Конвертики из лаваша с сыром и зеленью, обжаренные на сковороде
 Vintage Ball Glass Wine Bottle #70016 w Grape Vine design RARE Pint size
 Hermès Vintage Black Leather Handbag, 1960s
• • • • •
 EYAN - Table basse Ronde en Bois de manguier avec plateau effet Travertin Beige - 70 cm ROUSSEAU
• • • • •
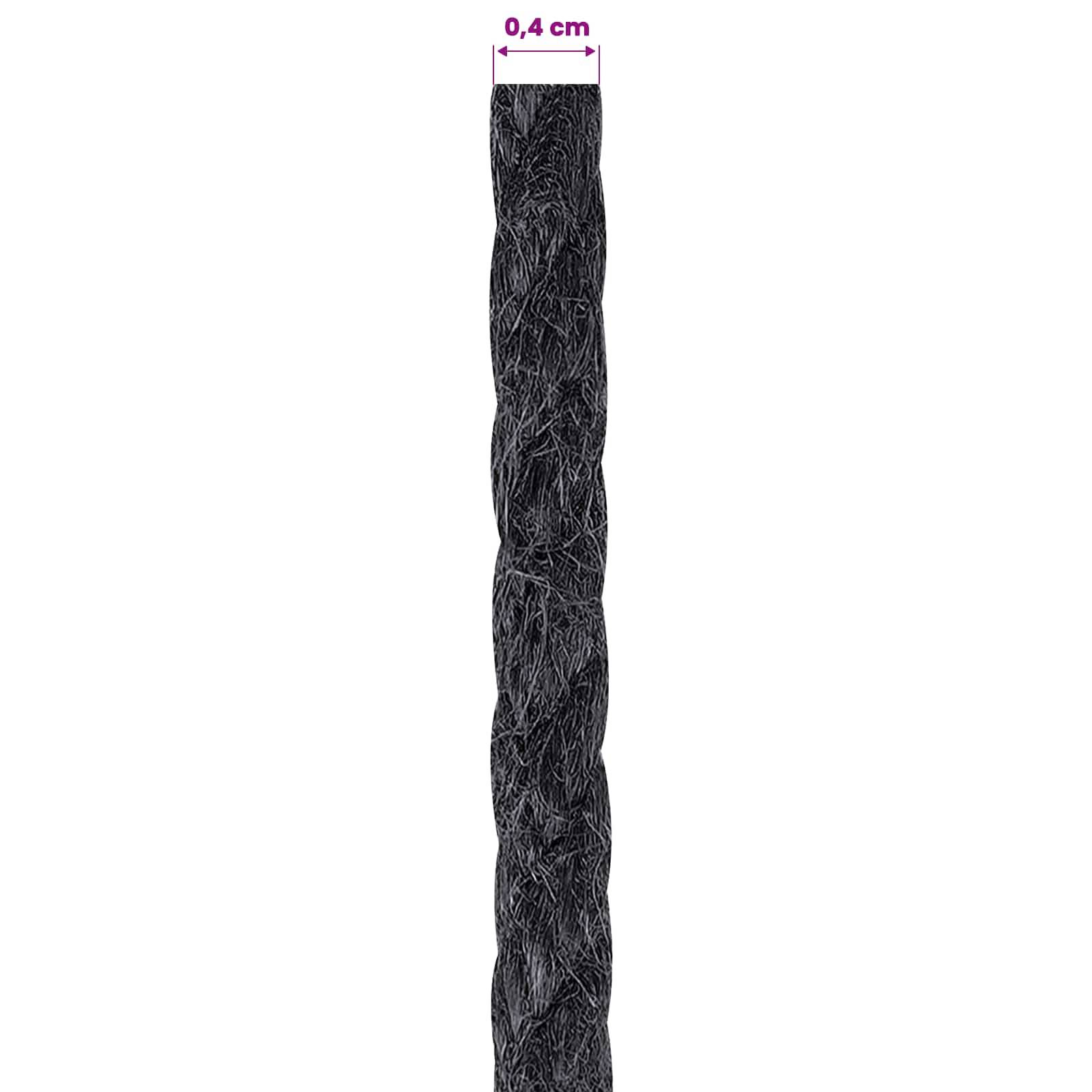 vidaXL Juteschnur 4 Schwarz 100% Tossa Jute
• • • • •
Your goal => The string to find is "Vintage"; copy every line of the listing that has it.

Exercise output =>
 Vintage Ball Glass Wine Bottle #70016 w Grape Vine design RARE Pint size
 Hermès Vintage Black Leather Handbag, 1960s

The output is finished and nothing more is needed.